Depuis que Goethe a fait part, dans Von deutscher Baukunst (De l'architecture allemande, 1773), de son admiration pour la cathédrale de Strasbourg, l'architecture gothique est considérée comme le symbole de la structure rationnelle, de l’harmonie globale et de la recherche de la captation de la lumière la plus vaste possible – qualités qui ont longtemps été occultées par des évaluations nationalistes. Cette architecture a de surcroît souvent été associée à des ambiances romantiques lesquelles, à leur tour, ont fait l’objet d’appropriations politiques. D'autres courants, comme le Bauhaus, ont vu dans l'architecture gothique la manifestation d'un vaste projet artistique. L’intérêt d’Eliasberg pour ces monuments, dès 1950, a été éveillé principalement pour des raisons visuelles. À l’instar de ses représentations de paysages qui ne restituent pas avec exactitude la réalité topographique, celles de ses bâtiments gothiques ne sont ni des dessins architecturaux, ni des élévations précises. L’artiste se concentre plutôt sur les phénomènes qui l'intéressent le plus, tels la structure verticale de la construction ou la perforation des murs et des piliers permettant d’atteindre un haut degré de diffusion lumineuse. Pour représenter des édifices français, néerlandais et allemands, il s’est inspiré à plusieurs reprises de cette captation de la lumière. La référence nationaliste s’efface au profit d’un pur intérêt pour la forme, particulièrement évident dans cette estampe. Avec la grande rosace de la Cathédrale de Laon s’inscrivant dans un format horizontal distinct, l’orientation verticale
des traits souligne ainsi le flot de lumière. Tout se dissout alors dans ce flux, tout se mue et prend une apparence immatérielle, mystiquement transfigurée, et dans cet excès prend un sens presque religieux.
Même lors des voyages qui suivront dans les années 1970, dont un à l’île Maurice, Eliasberg refuse de dévoiler trop explicitement sa destination. S'il est important pour lui de donner un repère et une idée dans le titre de ses oeuvres, les procédés auxquels il recourt ne sont pas toujours documentaires.
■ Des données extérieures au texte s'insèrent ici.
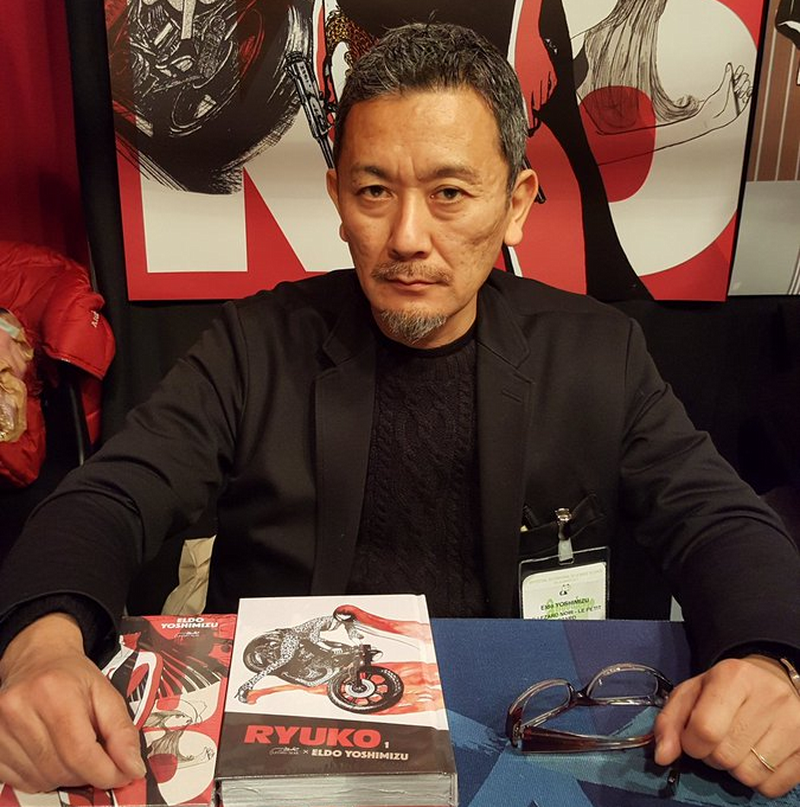 Ryuko Eldo Yoshimizu AnimeClick News Ryuko Eldo Yoshimizu AnimeClick News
Avec une gamme de couleurs relativement restreinte, principalement composée de teintes vertes et de quelques nuances brunes et bleues, Eliasberg évoque ici l'exubérance de la végétation tropicale. En fin de compte, il s’intéresse à la nature et à ses mouvements. L’être humain semble presque invisible. Comme dans les autres dessins et aquarelles qu’il a réalisés depuis les années 1960, cette distanciation déjà évidente alors, s’accroît ici davantage. L’homme, à savoir le spectateur en présence, ou peut-être celui des dessins en question, observe un phénomène dont il est écarté et dans lequel il n’est même plus impliqué. L'individu trace quelque chose qu'il n'a jamais réussi à créer lui-même, quelque chose qui surpasse nettement ses capacités, devant lequel il semble cependant surpris. Beaucoup plus affirmé que dans la plupart de ses voyages en Grèce, Eliasberg adopte, dans ses dessins de l’île Maurice, un format vertical pour des compositions aux formes parallèles. Bien que tout à fait approprié pour les chutes d'eau, ce procédé pare ces représentations paysagères d’une qualité distincte et illustre la dynamique qui peut leur être inhérente.